Implementing Applications on a Cellular Architecture - the Mandelbrot-set.
Authors: Jason McGuiness, Colin Egan, Guang Gao

Abstract:


There is an ever widening gap between CPU speed and memory speed, resulting in a 'memory wall' where the time for memory accesses dominate performance.
Cellular architectures, such as the Cyclops family, have been developed to overcome this 'memory wall' by implementing processors-in-memory (PIM) on the
same chip. PIM architectures achieve high performance by increasing the bandwidth of processor-memory communication and reducing latency. In this paper we
introduce DIMES (the Delaware Iterative Multiprocessor Emulation System) which is being developed by CAPSL at the University of Delaware, as a hardware
validation tool for cellular architectures. The version of DIMES used in this paper is a simplified hardware implementation of the Cyclops-64 cellular
architecture developed at the IBM T. J. Watson Research Center. Since DIMES is a hardware validation tool, its hardware implementation is constrained to a
dual processor where each processor has four thread units.

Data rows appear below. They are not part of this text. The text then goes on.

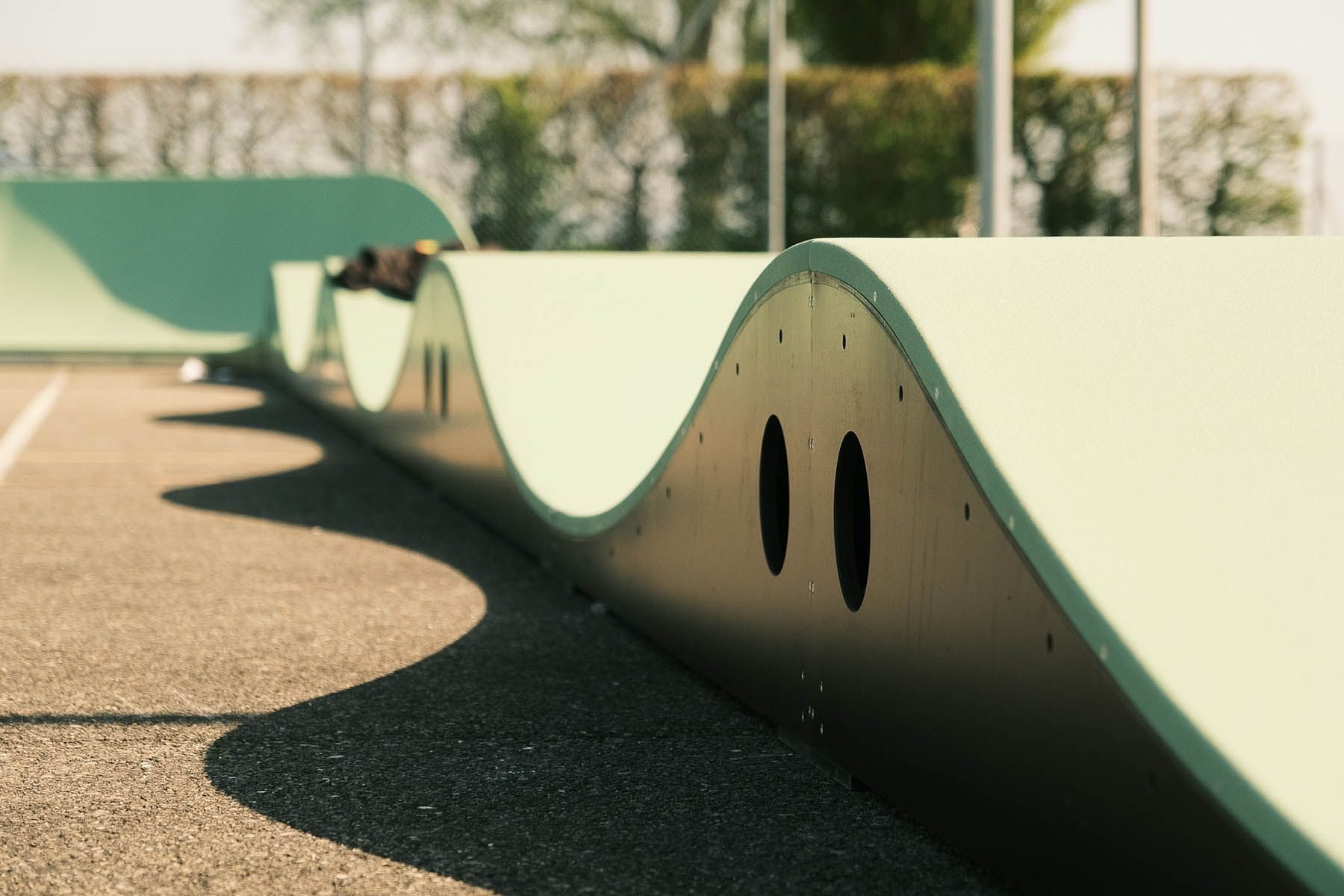 Pumptrack - Yverdon-les-Bains (Elveția) – foto 6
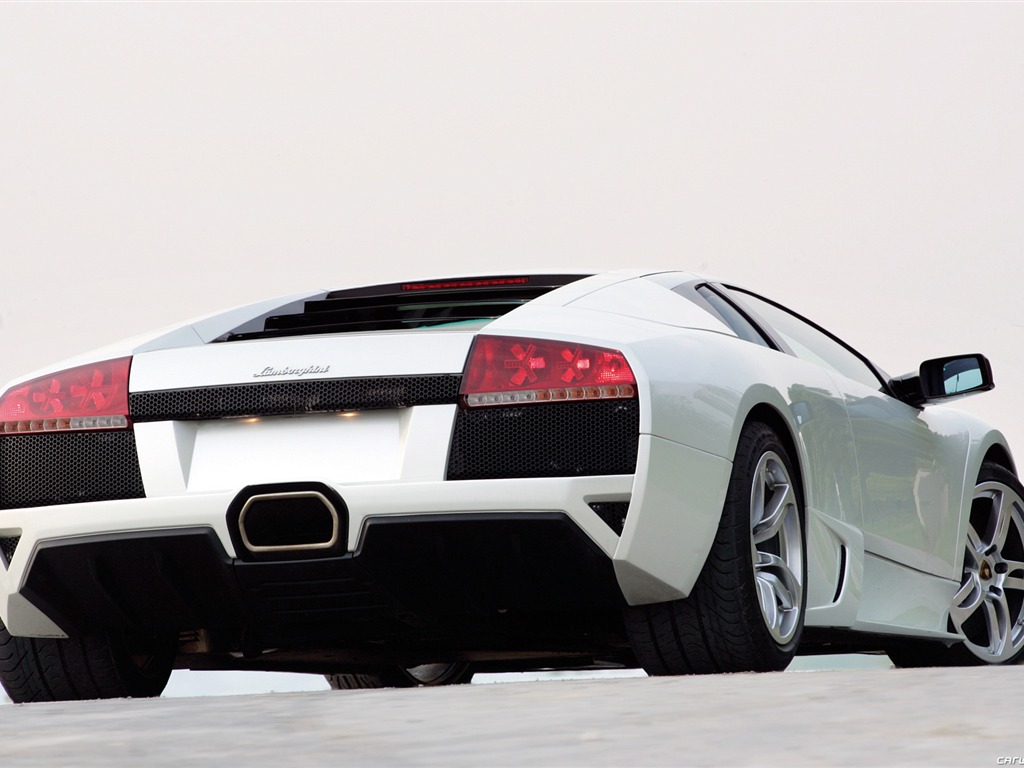 Lamborghini Murciélago LP640 - 2006 fondos de escritorio de alta definición #18 - 1024x768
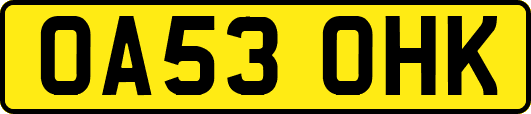 OA53OHK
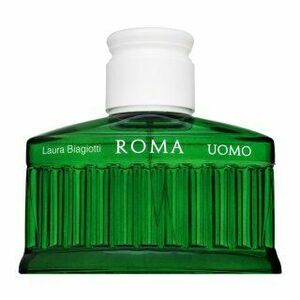 Laura Biagiotti Roma Uomo Green Swing Eau de Toilette férfiaknak 75 ml kép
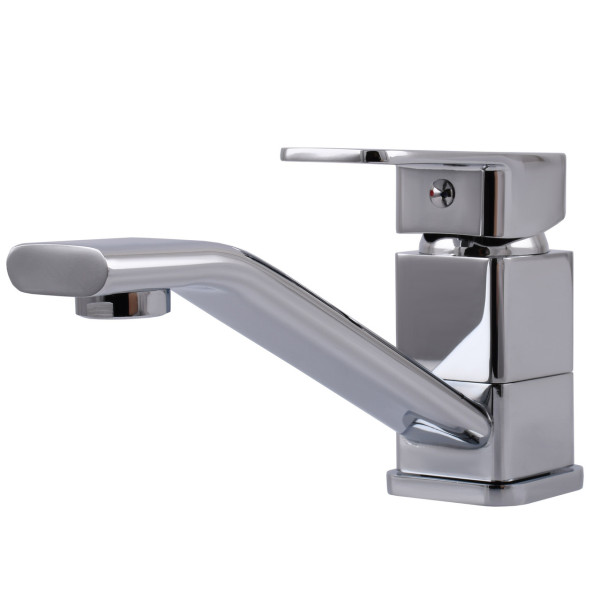 Смеситель для умывальника Globus Lux Milano GLM-0103M (000017648)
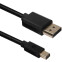 Кабель Mini DisplayPort (M) - DisplayPort (M), 3м, ACD ACD-DDMM2-30B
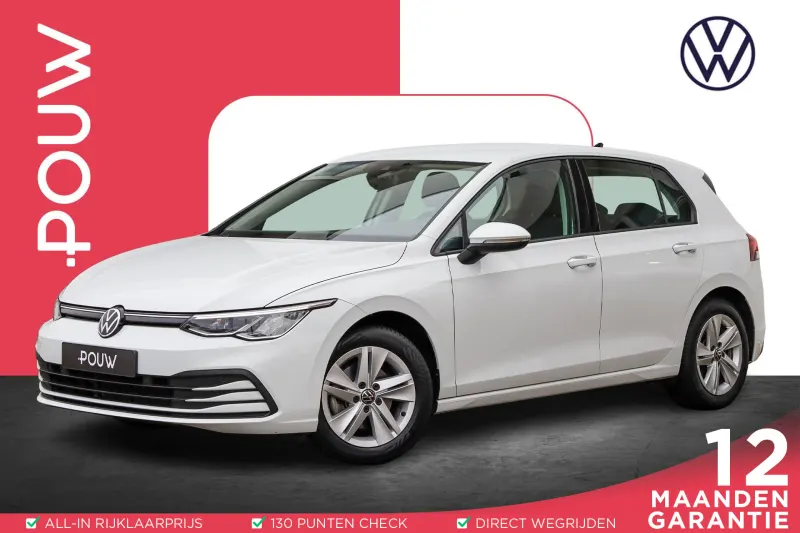 Volkswagen Golf (2022)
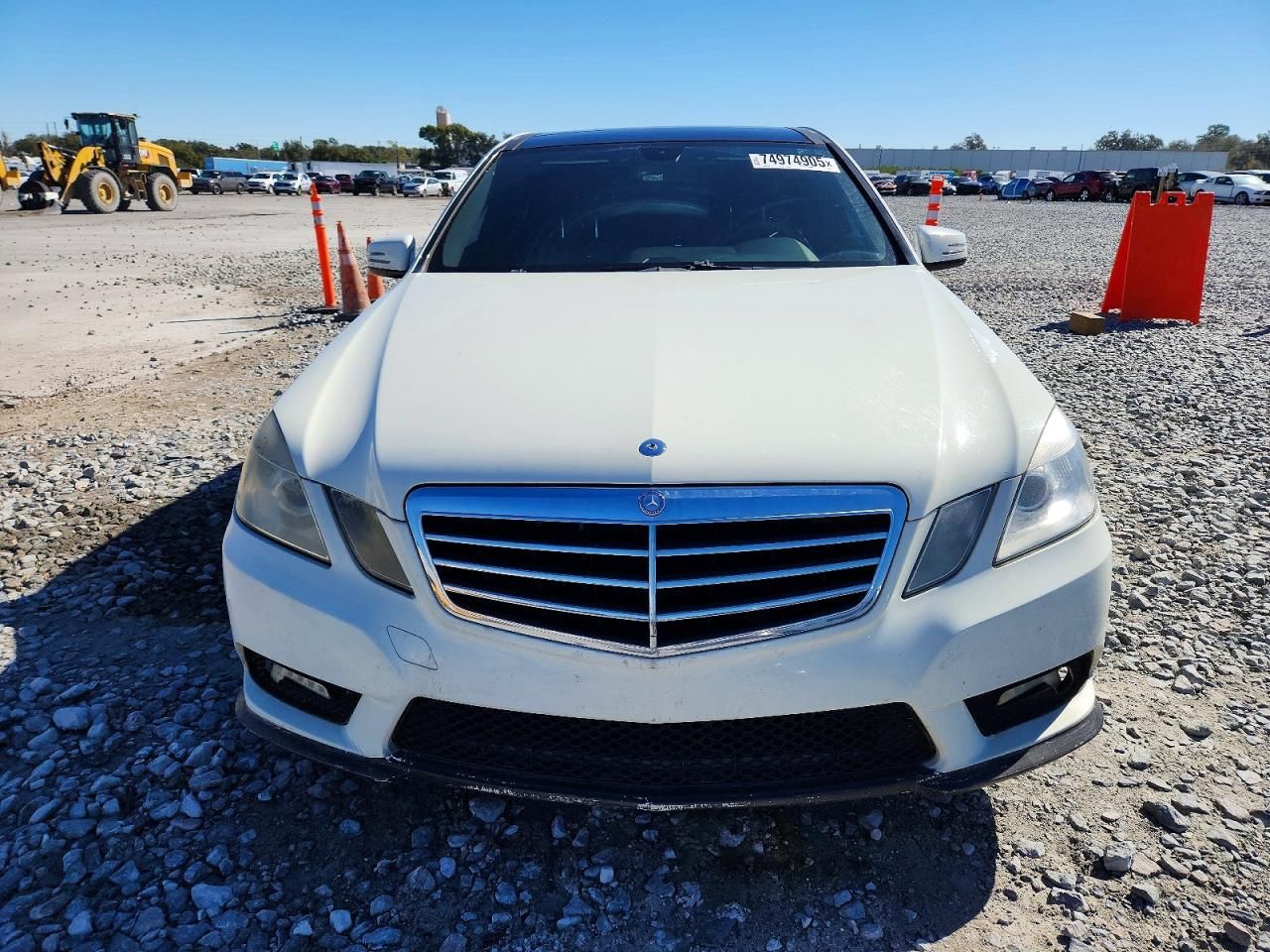 2011 Mercedes-Benz E 350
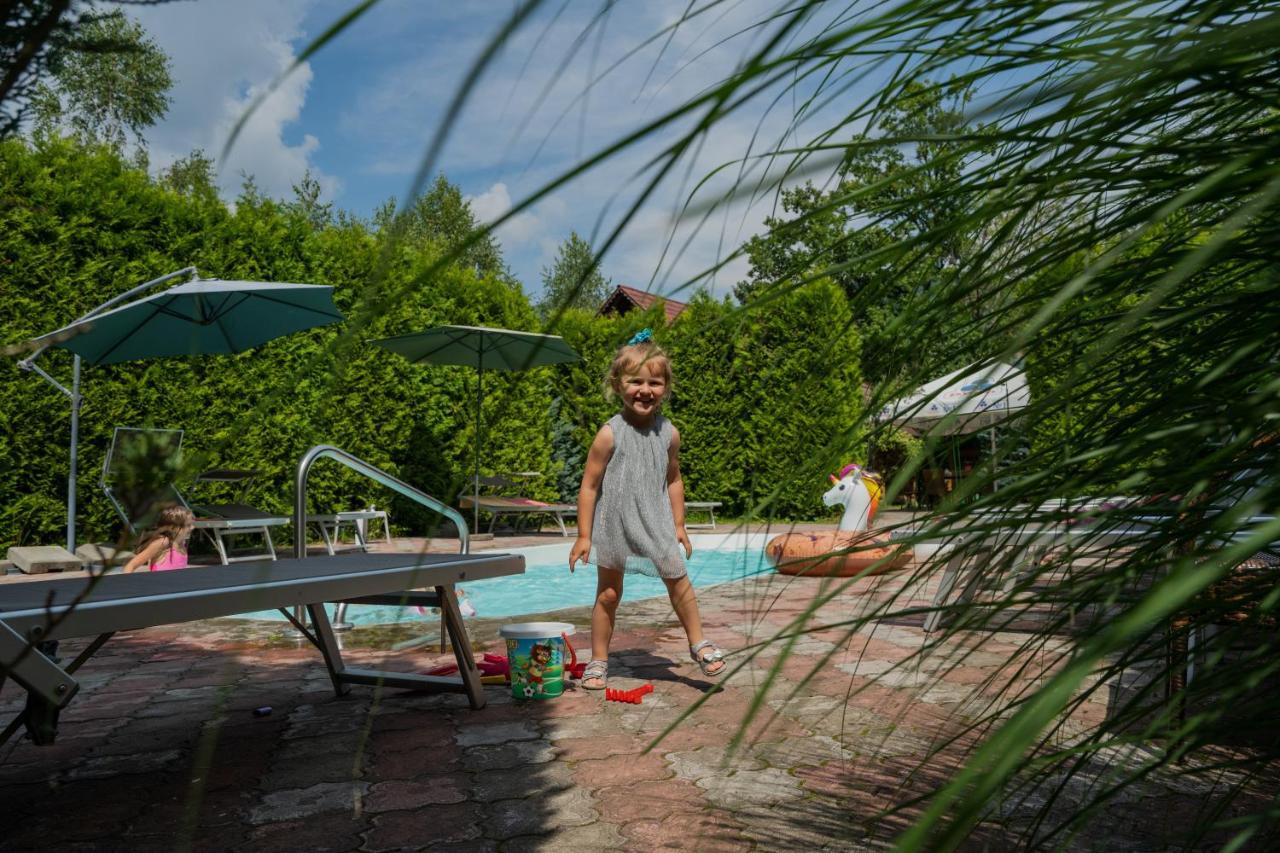 Villa Garden Hotel Solochin Dış mekan fotoğraf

DIMES memory is restricted to 16K of local scratch-pad memory per processor and 64K global shared memory. Additionally DIMES is linked to a host computer for I/O.We have chosen to use a Mandelbrot-set generator (written in C++) with a work-stealing algorithm as our metric to evaluate the programming model on DIMES.
The Mandelbrot-set generator has been threaded, and the work-stealing algorithm achieves load balancing between the DIMES' threads. The Mandelbrot example
demonstrates the effective use of DIMES' threads, the effective use of DIMES scratch-pad memory and the effective use DIMES global memory in its CRTS
environment. The results of the study are highly promising and show that DIMES is an ideal hardware tool for validating future Cyclops enhancements.